27/11/2022 – Evening Service: Three times you shall keep a feast to Me in the year

Bible Readings:

Exodus 12:1 – 28, 24:14 – 17, 34:18 – 24

Deuteronomy 16:1 – 17

Sermon Outline:

John 7:37–38 (NKJV)

37 On the last day, that great day of the feast, Jesus stood and cried out, saying, “If anyone thirsts, let him come to Me and drink. 38 He who believes in Me, as the Scripture has said, out of his heart will flow rivers of living water.”

1 Corinthians 5:7–8 (NKJV)

7 Therefore purge out the old leaven, that you may be a new lump, since you truly are unleavened. For indeed Christ, our Passover, was sacrificed for us. 8 Therefore let us keep the feast, not with old leaven, nor with the leaven of malice and wickedness, but with the unleavened bread of sincerity and truth.

1 – The feats of OT Israel during the three annual pilgrimages:

(1) Passover / Feast of Unleavened Bread

(2) Feast of Weeks (also known as “Feast of the Harvest”)

(3) Feast of Tabernacles / Booths (also known as “Feast of the Ingathering”)
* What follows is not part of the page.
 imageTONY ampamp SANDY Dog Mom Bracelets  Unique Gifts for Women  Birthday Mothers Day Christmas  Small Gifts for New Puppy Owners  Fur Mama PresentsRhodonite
2 – Lessons from these now-abolished feasts:

(a) Looking back to the mighty, sovereign grace of God

(b) Glorius fulfilment in our Lord and Saviour Jesus Christ

(c) Out response


“… Paul mentions that [the Galatians] observed ‘days, and months, and times, and years’…He is referring… to the east days appointed in the law, which those seducers sought to make the Galatians observe as a matter of necessity. They were introducing constraint and servitude in place of the liberty bought fo us by the Lord Jesus Christ. This is why Paul is so vehement, and also because of the misuse of these ceremonies, as I have said, for they were intended to make manifest the Lord Jesus Christ, that he might be sought. But those who deceived the Galatians were making a very different set of obligations. In keeping the Passover and other feast days, they were returning to the former figures which ought to have been abolished. When the Passover was observed under the law, it was in order that the people should remember their deliverance from Egypt, and eagerly await the great redemption that they had been promised. This is why Paul tells us that our Passover lamb has been sacrificed (l Cor. 5: 7), that is to say the Lord Jesus Christ. He is demonstrating that what was prefigured by the sacrifice of the paschal lamb under the law has today been fulfilled in the person of our Mediator. The same applies to the feast of tabernacles, in which God was reminding the Jews that they once lived in the wilderness, where there were no buildings or houses, and that they dwelt there for a long period of time, wandering about from place to place. This was a reminder to them that their life was but a pilgrimage through which we pass very quickly. The same could be said of the feast of first-fruits, when they would present the first-fruits to God.”

John Calvin, Sermons on Galatians (Banner of Truth Trust, 1997. pp. 396 – 397)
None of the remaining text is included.